Respect workers’ seniority

Karl Compton

The indispensable, laborious work of campus custodians, who sweep and scrub and keep our campus clean, often goes unnoticed. The tidy environment they provide facilitates studying and learning, and also enhances the school’s attractiveness to current and future students.

Eric Smith has been working at Contra Costa College for over 23 years. After his hours were cut, he switched to a full time job at Diablo Valley College. Smith says he was happy to be working full time again, but there was a drawback. He was told his seniority in the district meant nothing when it came to picking workstations at a different campus, even though he was working in the same district.
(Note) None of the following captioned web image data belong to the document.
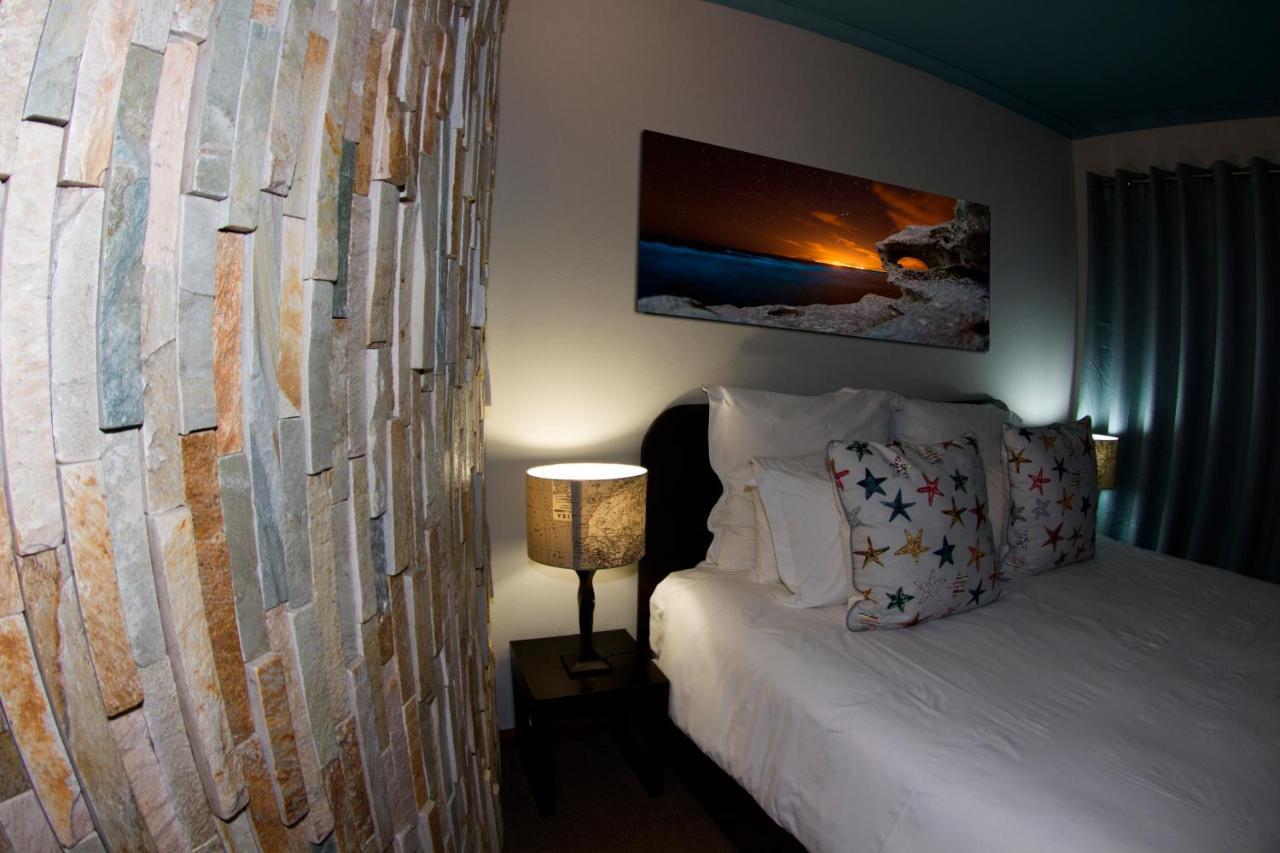 The Roundhouse Guesthouse De Kelders Ngoại thất bức ảnh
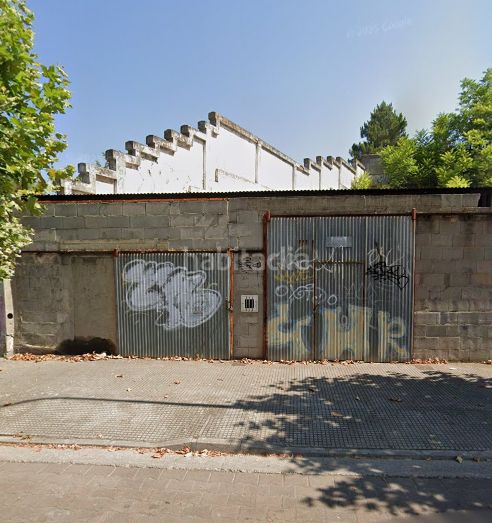 Foto 98592da6-ed94-49a3-a997-c9f0e4b6d7a1. Aparcament cotxe a Flores de Sil - La Placa Ponferrada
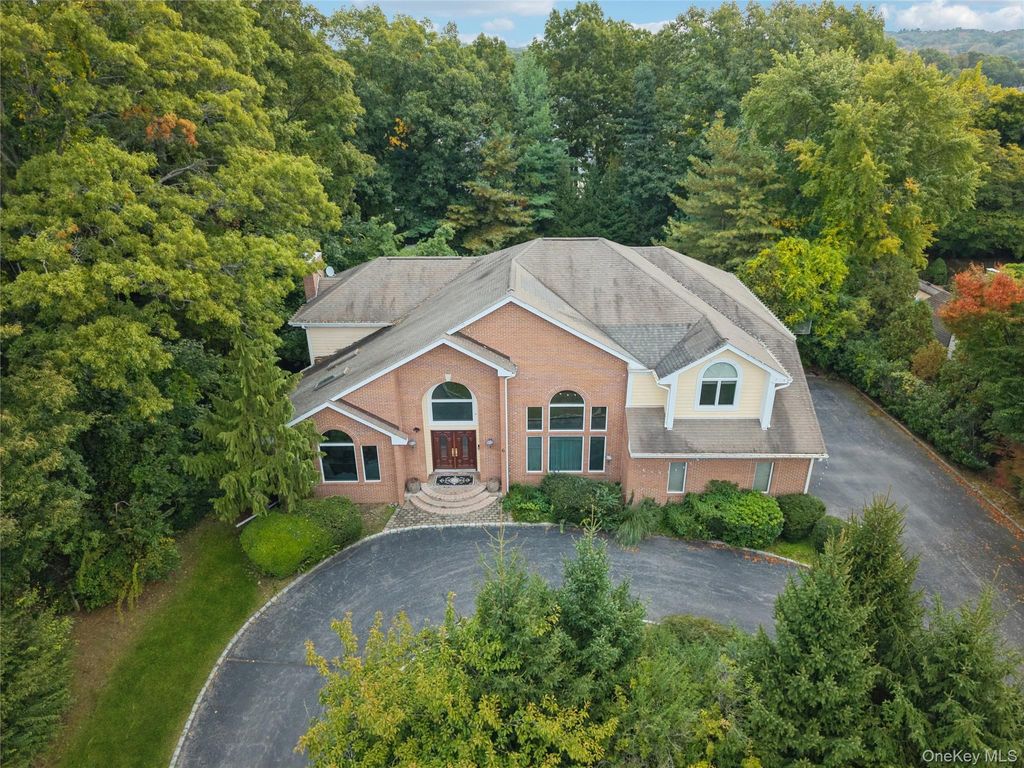 6 Chauncey Place, Woodbury, NY 11797 — photo 2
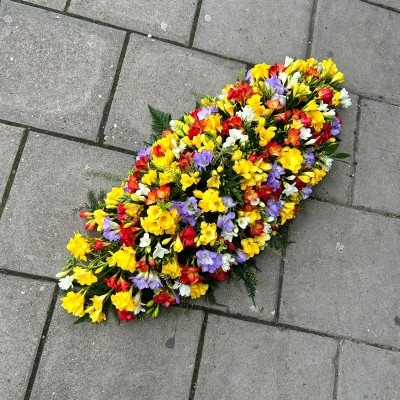 Freesia, scented, coffin, spray, Funeral, sympathy, wreath, tribute, flowers, florist, gravesend, Northfleet, Kent, London, Essex 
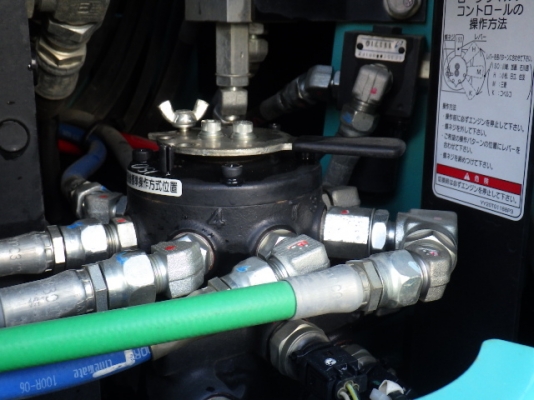 ขายรถขุดนำเข้าจากประเทศญี่ปุ่น kobelco sk125 yv06 แทรกกว้าง 60 cm สนใจติดต่อสอบถาม 0923309229 อีด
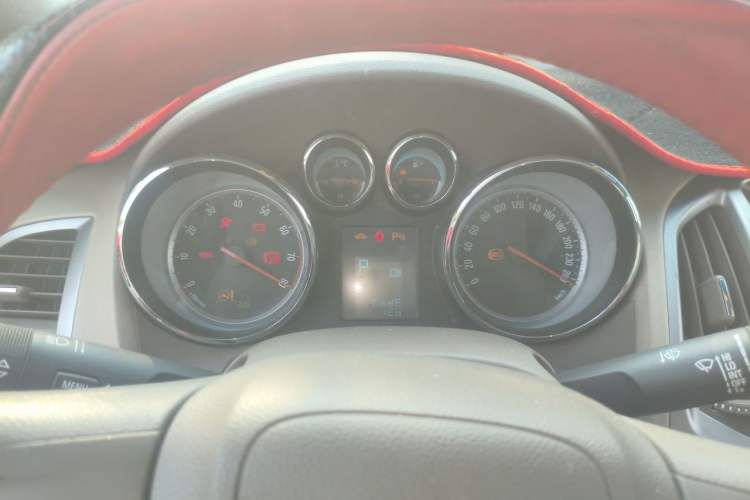 Used Buick GT 2013 GT 1.6L Automatic Fashion Edition Instrument Cluster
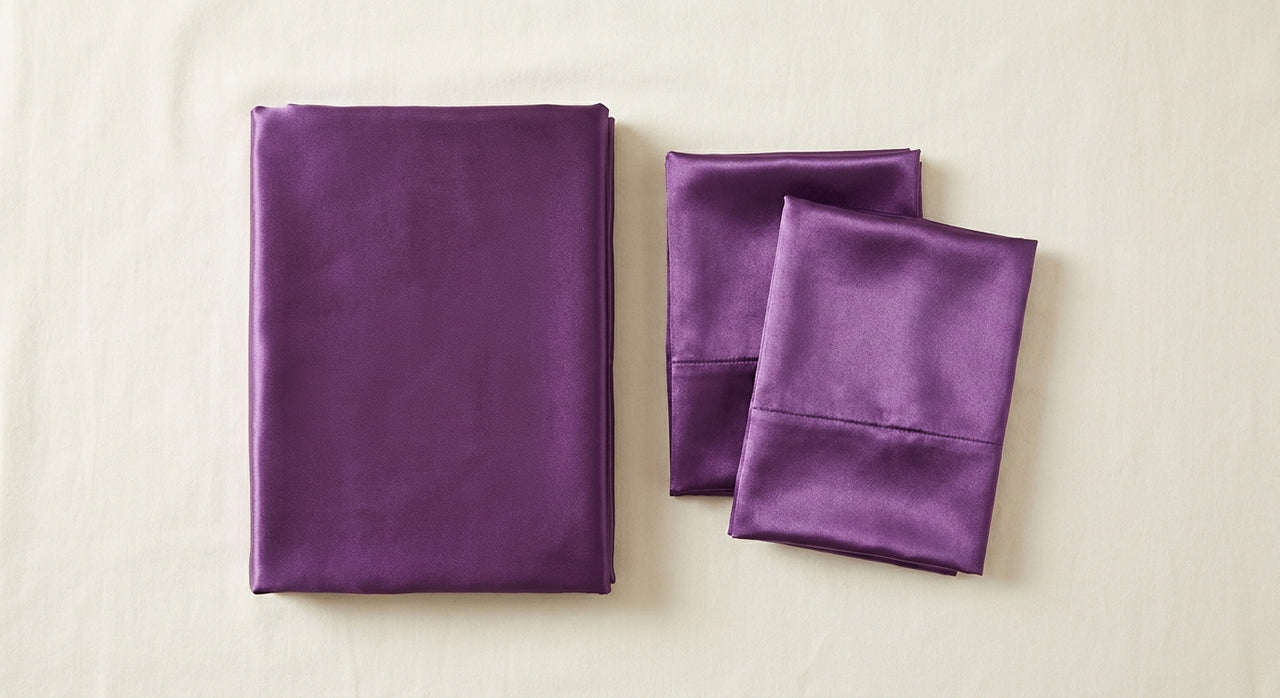 Parure de lit 3 pièces en satin glossy violet - StudioSoie
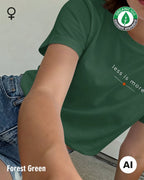 Hier sieht man eine Frau, die ein nachhaltiges Damen-T-Shirt in der Farbe forest green mit dem zeitlosen Design "less is more" trägt.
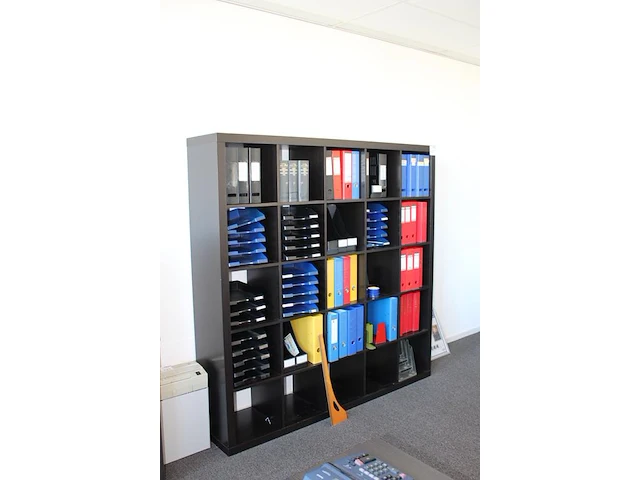 Vakkenkast ikea met 25 vakken. afmeting 185 x 39 x 185 cm. exclusief inhoud - afbeelding 2 van  2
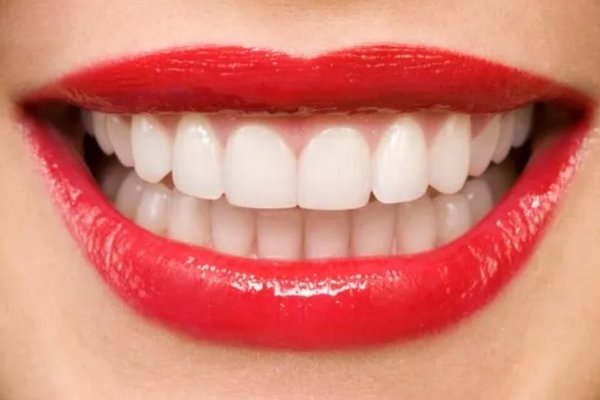Какие продукты портят зубы?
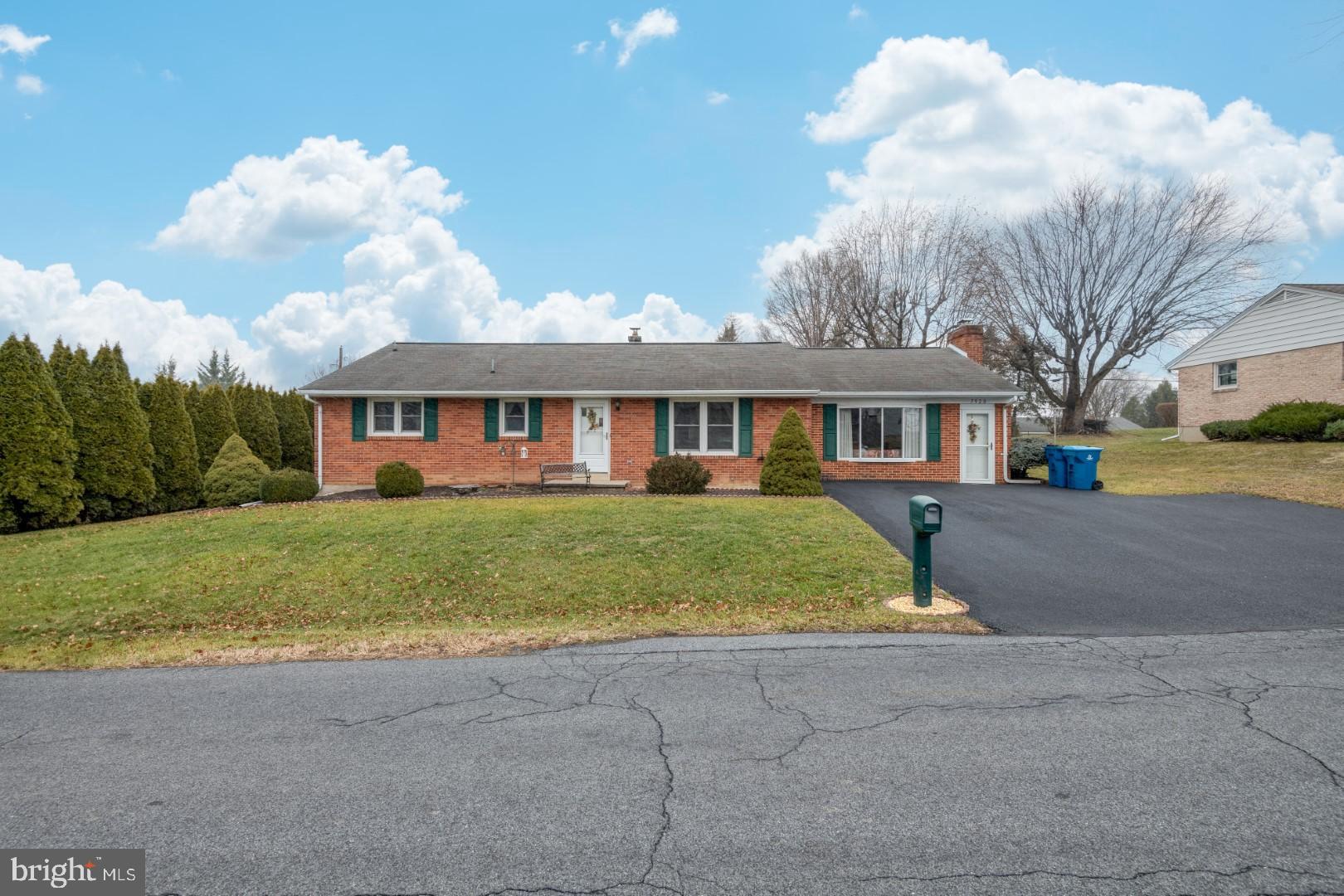SKYLINE VIEW - Residential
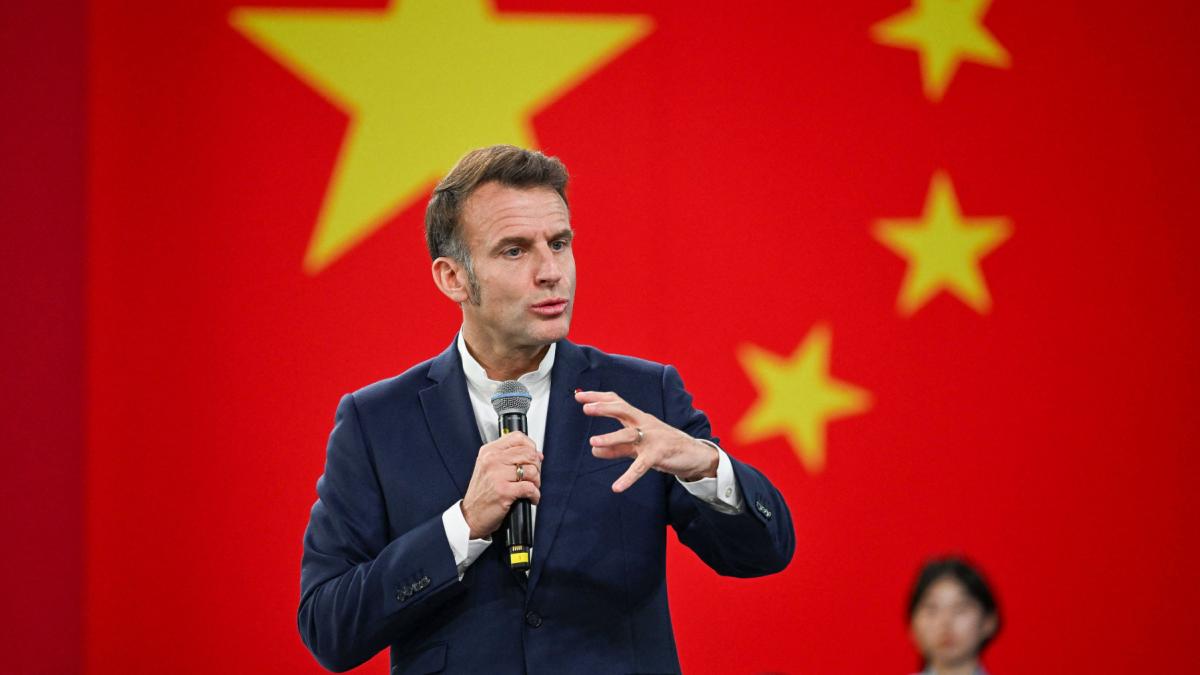 Macron amenință China cu taxe vamale „în lunile următoare”
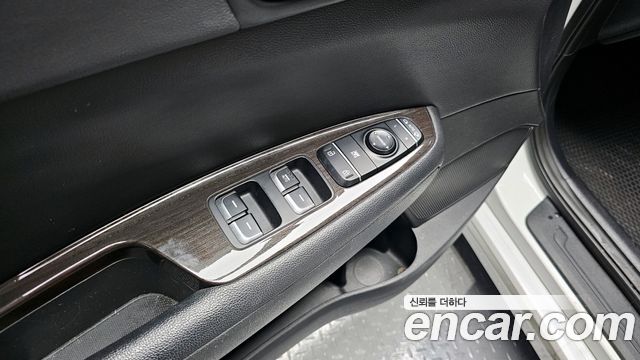 Kia K5 2019 — photo 17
Smith argues that the Local 1 contract protects his seniority at different campuses within the same district, and he filed a grievance to settle the issue. Smith spoke to the members of the district governing board to argue his position.

“There is nothing wrong with your interpretation,” Smith was told by a member of the board about his interpretation of the contract. “Your points are valid but it’s not just how we chose to see it and this is not the place for this to be decided,” another board member said to Smith.

Under the now prevailing interpretation of the union contract, employees with less years working for the district, including employees who have not completed their probation period, get first choice of workstation over employees like Smith.

The contract language regarding seniority is being interpreted by both the district and Local 1 union in such a way that you must use your imagination to read the same thing.

Smith is still waiting for a final decision, but from the look of things, he’s already been overruled.

The board members tell Smith that his points are viable, but that ultimately means nothing on the sixth floor of the district office. If the board of governors board room is not the place for this particular case to be heard, then why is it the last stop on the grievance trail?